Jeanne Hansen  26:16  Google. Google is our friend and sometimes our worst enemy. But yeah, no, Google it. There, they are out there, I do have some links that are on our Facebook page and our Facebook group. So they can also go on there for information, don't have to join up or sign up there or anything like that. Just go peruse it for the information. And there are some grants that they are accepting right now. So they can certainly make their applications and deal with their boards and figure out what they want to do. But there is some funding out there. And then hopefully, just over the next little bit, building up more and more of a network base, to you know, I have people reach out and contact to say, hey, you know, I work for an H-vac company, and we want to see what we can do. Or I work for the company that puts film on Windows, let's see what we can do. Or, you know, I want to make a donation to a building or maybe your church wants to adopt a building of full of seniors that can give them some stuff to set up for cooling centers, to maintain fans and donate fans to organize and help them figure out how to set up the the cooling centers, the misting stations, the contacting everybody in the building and get it going. Like there's lots of grassroot groups that are kind of doing things individually. I like to see everybody who's trying to do the same thing on the same road. So let's communicate to each other and more voices certainly get more attention.

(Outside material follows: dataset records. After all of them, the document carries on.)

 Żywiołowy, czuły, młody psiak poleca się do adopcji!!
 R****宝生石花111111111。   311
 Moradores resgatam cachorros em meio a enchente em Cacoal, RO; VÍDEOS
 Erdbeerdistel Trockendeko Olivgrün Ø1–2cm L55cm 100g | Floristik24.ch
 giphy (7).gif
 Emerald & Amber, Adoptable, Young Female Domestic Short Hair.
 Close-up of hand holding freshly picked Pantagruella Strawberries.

Evan Kelly  27:53  Yeah. So it's, it's unfortunate that I mean, we know that climate change is here. We know there are things happening. There are more extreme weather patterns. And there's been no indication yet that we're headed towards another heat dome. Hopefully not but, and they said it was like a one on 1000 year event. But it still happened. And unfortunately, things like this. It's like bad things have to happen. In order for us to have a wake up call as a society. It just seems like we that's the way humanity operates.

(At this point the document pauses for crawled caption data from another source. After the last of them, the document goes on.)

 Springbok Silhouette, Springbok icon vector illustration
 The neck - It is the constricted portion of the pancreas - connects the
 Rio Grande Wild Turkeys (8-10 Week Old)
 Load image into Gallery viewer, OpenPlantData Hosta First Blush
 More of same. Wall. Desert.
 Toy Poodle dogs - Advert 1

Jeanne Hansen  28:20  Every year people pass away from heat, of course. But it's certainly not the the great number that happened in the short amount of time that it did last year. So that's been kind of the "aha" thing. It's always happened. But it's kind of those things that we become used to and it sort of, we don't really remember it or pay attention to it or anything like that, till it personally happens in your life. And then all of a sudden, you're like, hey, wait a minute. What can I do? Where can I go?
Evan Kelly  28:50  While we were certainly appreciate the advocacy work you're doing now, in the name of your sister. It's definitely definitely worth it. For information, again, is it only on the Facebook page where you go, largely where you're putting stuff?
Jeanne Hansen  29:05  I think eventually we're going to have a website. I just haven't had time to do that. It's all been very sudden that I've kind of been put into this position or forced my way into it. I don't know how else to say it. But it's right now, it's Facebook and email. So we do have an email setup as well. Traceyslegacy@gmail.com.
Evan Kelly  29:29  So Traceyslegacy@gmail.com, you can reach out to Jeanne and it's Tracey's legacy on Facebook. I'm not sure how that's going to Facebook, probably Facebook slash Tracey's legacy kind of URL. 
Jeanne Hansen  29:41  And I think there's a couple others out there. I think one's like a hen party from England and all this stuff, so make sure you're on the right one. Yeah, it'll be Tracy's smiley blue face, or blue eyed faced in her blue t-shirt, that's what you're looking for.
Evan Kelly  29:56  Well, thank you very much for joining us today, Jeanne. We have been talking to Jeanne Hansen about the concerns of heat in BC ever since the heat dome hit the province last year and 619 passed away as a result, her sister Tracey was one of those people unfortunately, we've been talking about the the ways we need to communicate to people to ensure that they're safe to move things forward. So hopefully we can stop this from happening again. Thank you for joining us.